O facto de Pessoa se ressentir de que digam que finge, tem a ver com o seu processo criativo e pelo facto de ter sempre sido considerado - mesmo em vida - como um poeta eminentemente racional. Diziam os seus contemporâneos que nada nele seria espontâneo, mas sempre pensado. "Defendendo-se", afirma que "sente com a imaginação", ou seja, usa a imaginação como barreira defensiva da crueldade do mundo real.
Todo os passos da poesia de Pessoa são "terraços", são passos intermédios entre uma coisa e o seu significado. O poeta quer, acima de tudo , a verdade das coisas, mas para a alcançar, e sabendo como é difícil, desenha degraus, pouco a pouco, para a atingir. Deste modo se pode perceber um pouco a razão do afastamento das coisas e, sobretudo, do fingimento.
Fingir é também possibilitar "sentir as coisas de todas as maneiras", como dizia o heterónimo Álvaro de Campos.

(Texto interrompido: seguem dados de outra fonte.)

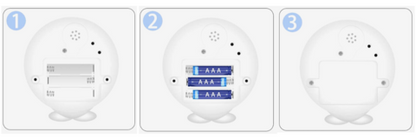 Willi -The Awakening Whale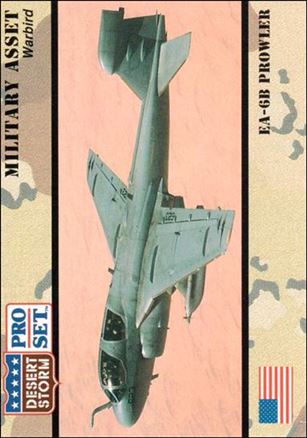 Desert Storm (Base Set) card 248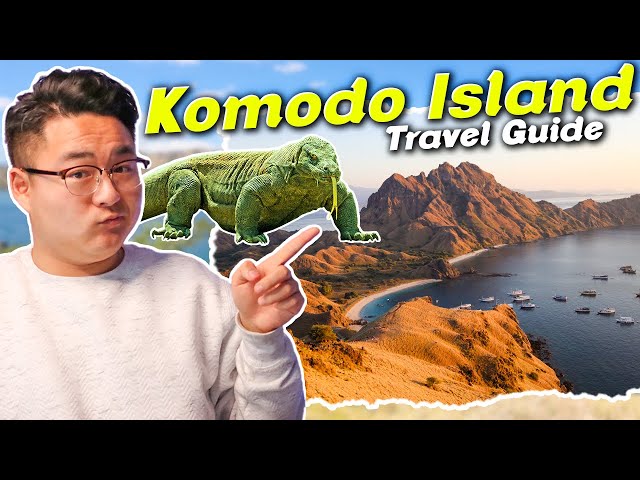 komodo island bali travel guide 1 day private komodo day trip from bali – nusa penida islands, komodo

Só se pode sentir tudo de todas as maneiras, se não se sentir nada de maneira nenhuma: se não estivermos presos pelo sentir das coisas, será talvez possível descobrir a verdade que escondem.
Para Pessoa, fingir não é uma fraqueza, mas antes um método de conhecer (e alcançar) a verdade das coisas, não se envolvendo demasiado nelas. Afastando-se Pessoa observa, e apenas afastado consegue ver mais claramente tudo o que o rodeia. Deixa o "sentir" para os outros, para "quem lê".
"Essa coisa é que é linda" refere-se aos terraços, aos passos intermédios entre as fases do conhecimento. Não é a coisa presente que é a realidade, a verdade, mas um passo seguinte: e é essa descoberta, esse processo, que revela a beleza das coisas, na sua interminável complexidade.
Se toda a Arte é a conversão duma sensação em objecto, toda a Arte é a conversão duma sensação numa outra sensação.